Before leaving the shop, we each needed to demonstrate that we could move forward and backward, stop, and turn in place.
With our brief, but thorough, instructions we were off. We headed down the brick sidewalk and around the Watermans’ museum to the pathway along the York River. Our skills improved quickly as we rolled along. From the waterfront, we crossed the road under the watchful eye of our guide.

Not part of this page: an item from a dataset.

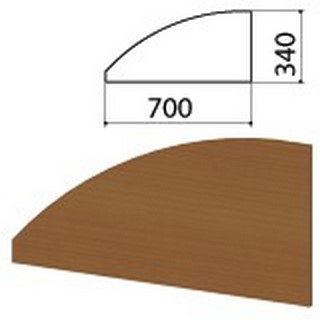 Экран-перегородка Монолит, 700х16х340 мм, ...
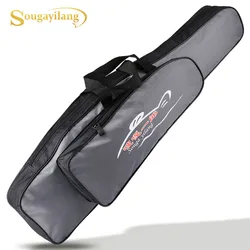 Sougayilang Fishing Bag Single layer Portable Fishing Rod Bag Outdoor Storage Tool Kit for Fishing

Heading up a steep hill we entered the Historic District, a car-free zone. Our guide told us about the buildings and people who once lived in them. Looking closely at the old brick buildings, you could see damage from cannon balls fired during the Battle of Yorktown. Our guide pointed to a building that still had two cannon balls embedded in the exterior. The one between the second story windows, has been there since the battle in 1781. The lower one is a replacement for the original that was stolen in the ’40s.
Our next stop was the first memorial to the Revolutionary War on U.S. soil, the Yorktown Victory Monument. Dedicated in 1881 for the centennial of the victory, the memorial is 95 feet tall. It is topped with the figure of Liberty. Thirty-nine stars represent the 39 states of the Union, and 13 female figures represent the original 13 states.
Heading back down the hill and to the waterfront, we watched a schooner sailing on the York River as we returned to the shop we started from.
With one experienced and three first-time Segway riders, we safely and easily toured historic Yorktown.
I also want to have this kind of Segway.